Priyanka Chopra, Timothée Chalamet, Deepika Padukone (Getty Images: Kevin Mazur, WWD, Gilbert Flores)
Fashion

Diamonds: The Only Constant on the Oscars Red Carpet

From Elizabeth Taylor’s tiara to Margaret Qualley’s reversed necklace, natural diamonds have outlasted trends and eras to become the favourite accessory for stars on Hollywood’s most scrutinised night

Keerat Kohli

Stars have come and gone, and fashion has continually evolved, but one element has remained constant on the Oscars red carpet: natural diamonds. At the intersection of cinema and style, they have endured as the defining accent of Hollywood’s biggest night, shaping the visual language of the Academy Awards across decades.

This consistency is not accidental. Natural diamonds are one of the oldest objects most people will ever touch — formed deep in the earth over a billion years ago, under conditions of extreme heat and pressure. Each one is geologically unique, its clarity, colour and character the result of a journey no two stones share. It is precisely this rarity — and the irreproducible process behind it — that gives natural diamonds their enduring weight.

On a red carpet defined by novelty, they carry something fashion cannot manufacture: time.

First Light

In Hollywood’s early decades, red-carpet dressing was restrained — elegant, but personal. Jewellery was an extension of identity, not a styling instrument.

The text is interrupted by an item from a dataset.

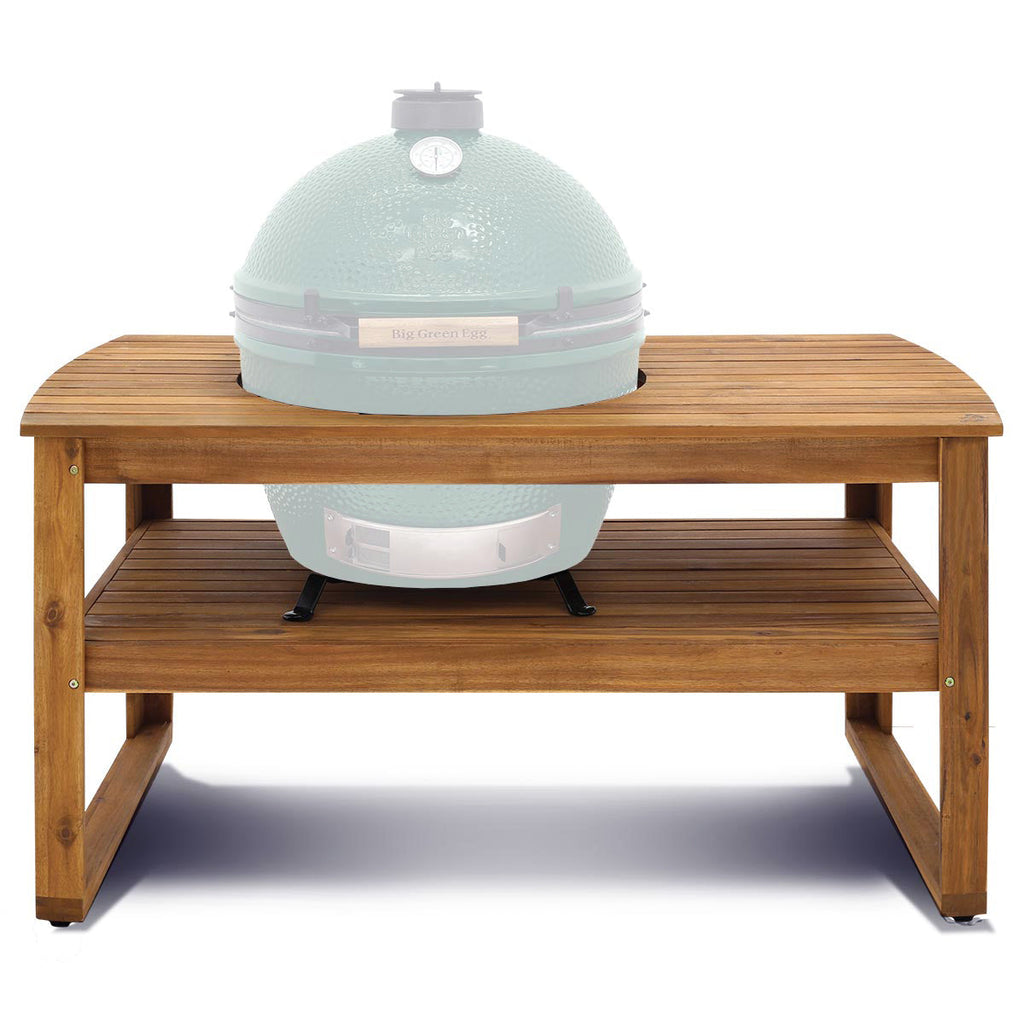 Table en bois d’acacia pour XL Big Green Egg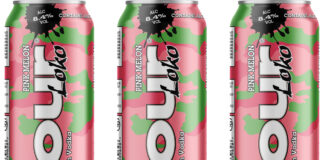 Pack shots of Four Loko Pink Melon.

When Elizabeth Taylor wore a 19th-century diamond tiara to the 29th Academy Awards, it felt like a private statement made in public. Diamonds, in that era, carried the quiet authority of heirlooms — objects with a life before their wearer, and a life likely to continue after.

The 1980s brought sharper tailoring, stronger shoulders, and a more deliberate approach to accessorising. Diamonds followed suit — closer-set, more structured, chosen to complement a look rather than lead it. The jewellery of that decade reflected its fashion: controlled, precise, and confident.

Engineering Brilliance

By the 1990s and into the early 2000s, the red carpet had become a global stage, and diamonds were dressed accordingly. As couture grew more theatrical and silhouettes more dramatic, jewellery scaled up to match. Chandelier earrings, architectural necklaces, stacked bracelets — diamonds were now engineered for the camera, designed to move, catch light, and hold attention across a room.

What makes natural diamonds uniquely suited to this role is their optical character. The way a natural diamond handles light — refracting, reflecting and dispersing it — is a product of its atomic structure, something that cannot be replicated or rushed.

This was also the era that began looking backward to move forward. Archival cuts, Mughal-inspired settings, and antique designs started appearing alongside contemporary couture — an early sign that natural diamonds exist outside of trend cycles. They can be reinterpreted endlessly. Their relevance doesn’t expire.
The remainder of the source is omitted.